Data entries
——
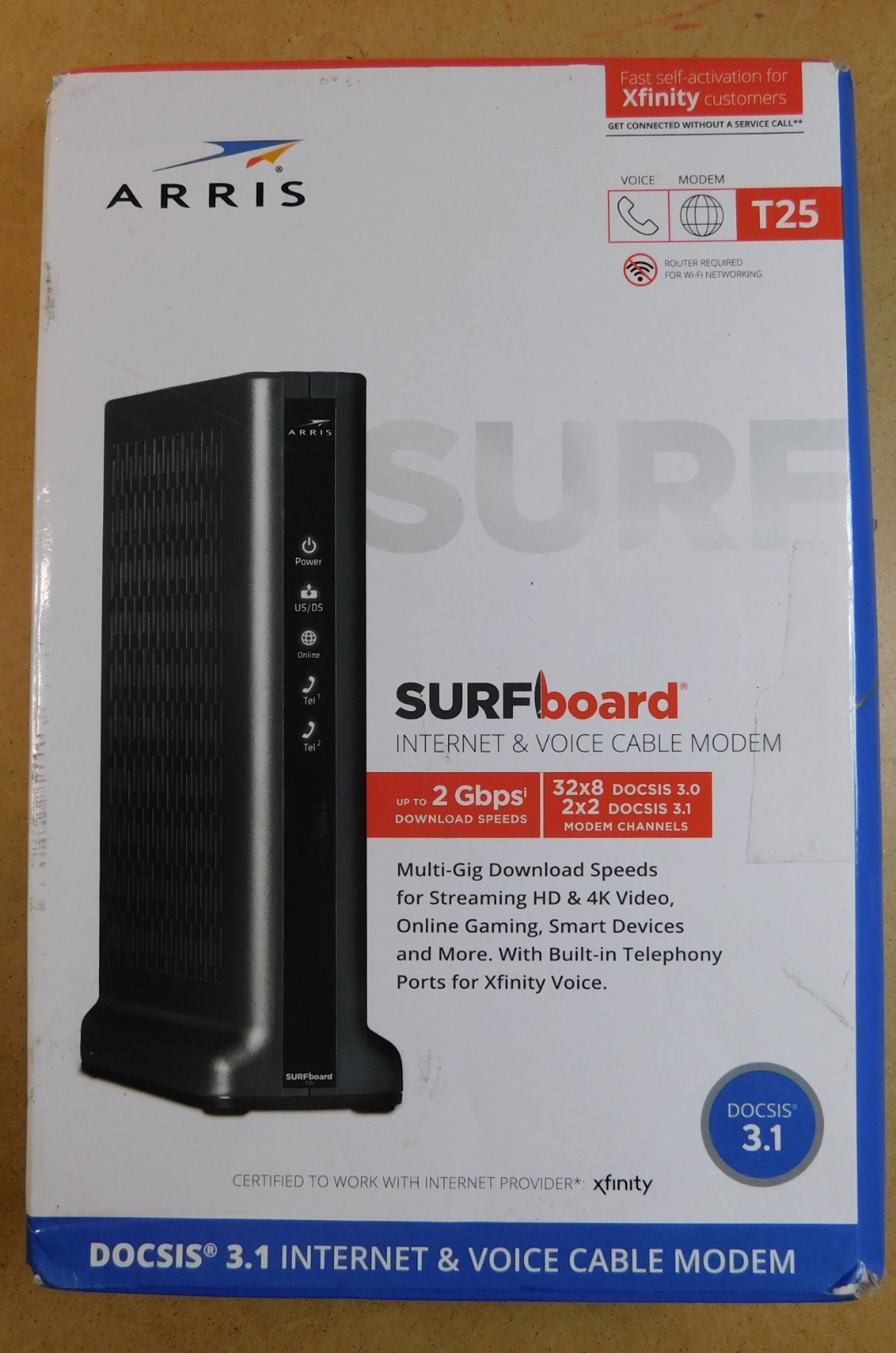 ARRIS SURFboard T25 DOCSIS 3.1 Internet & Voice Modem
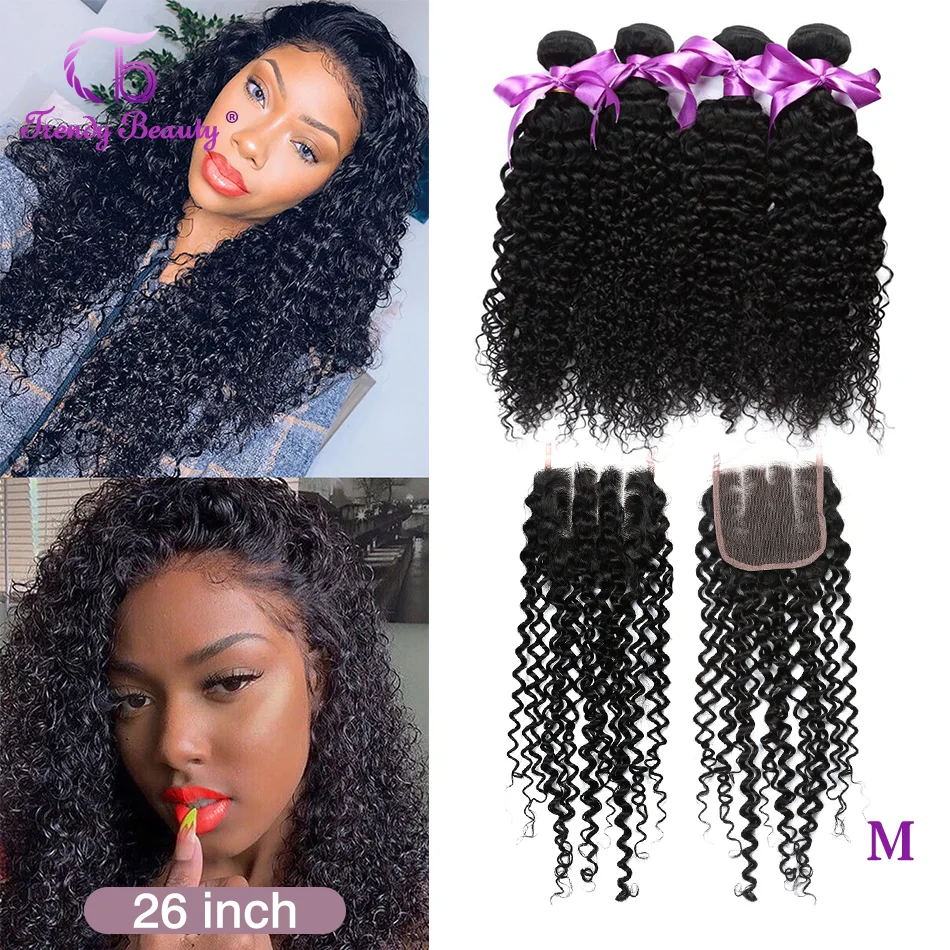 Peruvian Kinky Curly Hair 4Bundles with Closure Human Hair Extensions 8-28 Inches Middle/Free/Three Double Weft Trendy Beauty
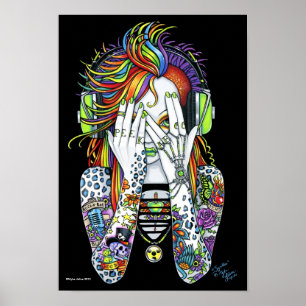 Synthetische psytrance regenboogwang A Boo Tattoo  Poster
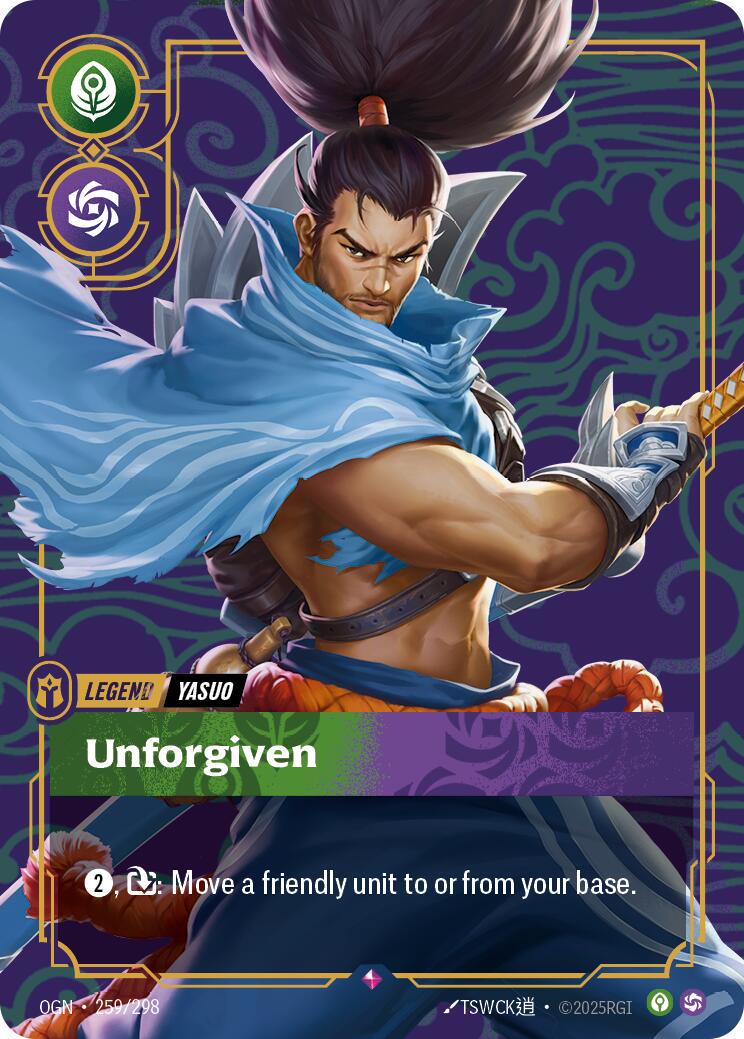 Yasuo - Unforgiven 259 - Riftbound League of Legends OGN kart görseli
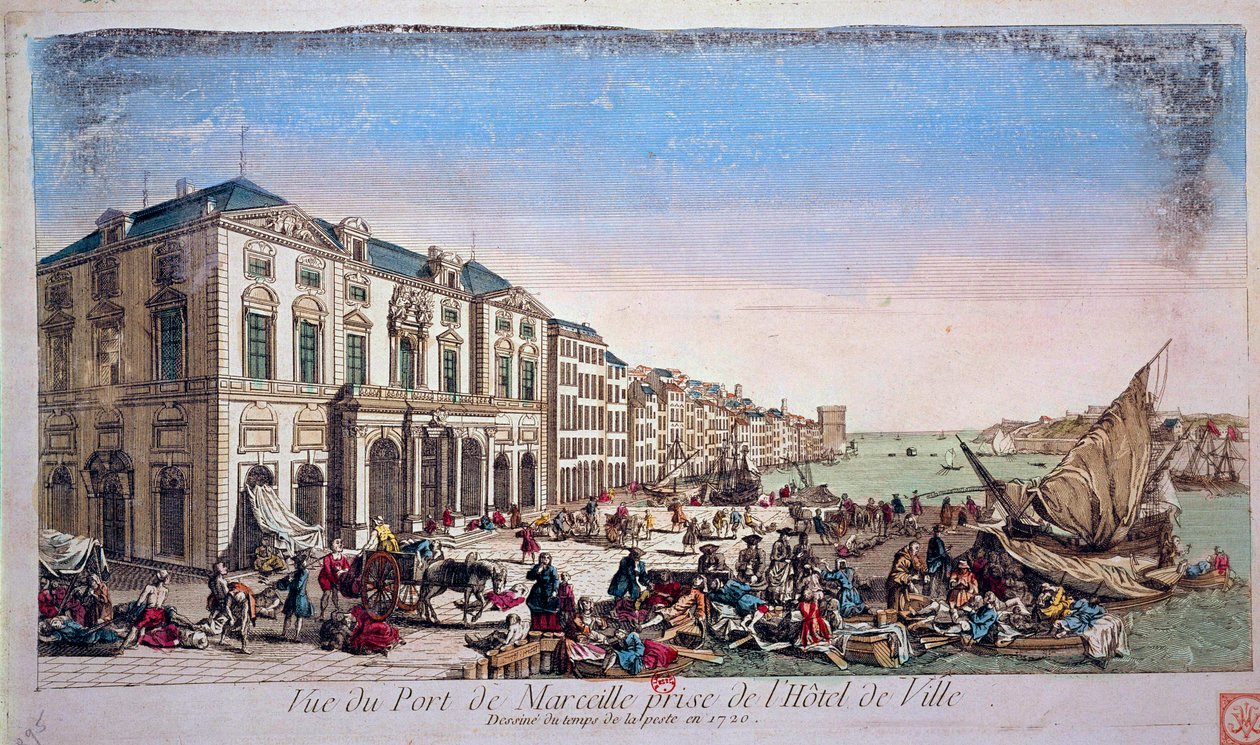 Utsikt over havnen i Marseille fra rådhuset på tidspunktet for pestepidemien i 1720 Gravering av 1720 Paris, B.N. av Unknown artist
——
* **What you need to do**:
Print every record above exactly, but no pictures.

* **Your response**:
 ARRIS SURFboard T25 DOCSIS 3.1 Internet & Voice Modem
 Peruvian Kinky Curly Hair 4Bundles with Closure Human Hair Extensions 8-28 Inches Middle/Free/Three Double Weft Trendy Beauty
 Synthetische psytrance regenboogwang A Boo Tattoo  Poster
 Yasuo - Unforgiven 259 - Riftbound League of Legends OGN kart görseli
 Utsikt over havnen i Marseille fra rådhuset på tidspunktet for pestepidemien i 1720 Gravering av 1720 Paris, B.N. av Unknown artist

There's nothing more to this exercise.